Do you think I should talk to my own kids about some of the misgivings I have about these lessons, or talk to the school, or just keep my mouth shut?
DEAR MISGIVINGS: Talk to both, please! The school’s mistakes — and I agree with your positions — are opportunities for important conversations with your kids. As always, be sure to listen as much as you talk, if not more, but certainly get things started by saying what bothers you and asking what they think.
And make an appointment today, please, to talk to the principal. Express gratitude for the willingness to take this on before you launch into your critique.

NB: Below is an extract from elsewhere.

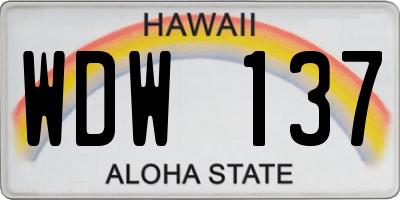 HI license plate WDW137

Re: Misgivings: The school is not in error — boys and girls do need different messages. Young boys need to rein in their aggressiveness, while young girls should be taught to find it, train it, and have it on tap for when it is needed.
DEAR ANONYMOUS: I strenuously disagree. Body autonomy is body autonomy. Consent is consent. Treating people as This Type or That Type is a gateway to shame, and shame is the stealth enemy of empowerment.

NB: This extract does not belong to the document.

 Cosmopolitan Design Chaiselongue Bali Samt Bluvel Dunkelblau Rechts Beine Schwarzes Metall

And if you think girls aren’t naturally aggressive, then you missed some brilliant soccer this summer.
Re: Misgivings: Please speak up. Obviously, I don’t want anyone hitting my daughter, but I don’t want her thinking she can hit boys and not face consequences because “she’s a girl.” And with the more recent broadened awareness of boys as victims of sexual abuse, it’s really important that all our children get the same messages.
Re: Misgivings: Make sure to also tell the school that BOTH lessons need to be taught to ALL children — boys also need to be able to speak up when touched without their consent or in harmful ways, and girls need to not touch anyone without consent. Violence against women needs to be acknowledged and taken seriously, but everyone needs to be empowered to speak up when they are violated.
Re: Misgivings: The school is not just wrong in this context, they’re actively part of the problem by indirectly teaching the kids that boys cannot be victimized and girls must be protected and therefore have less agency.
DEAR ANONYMOUS: Yes, all of this. Thank you.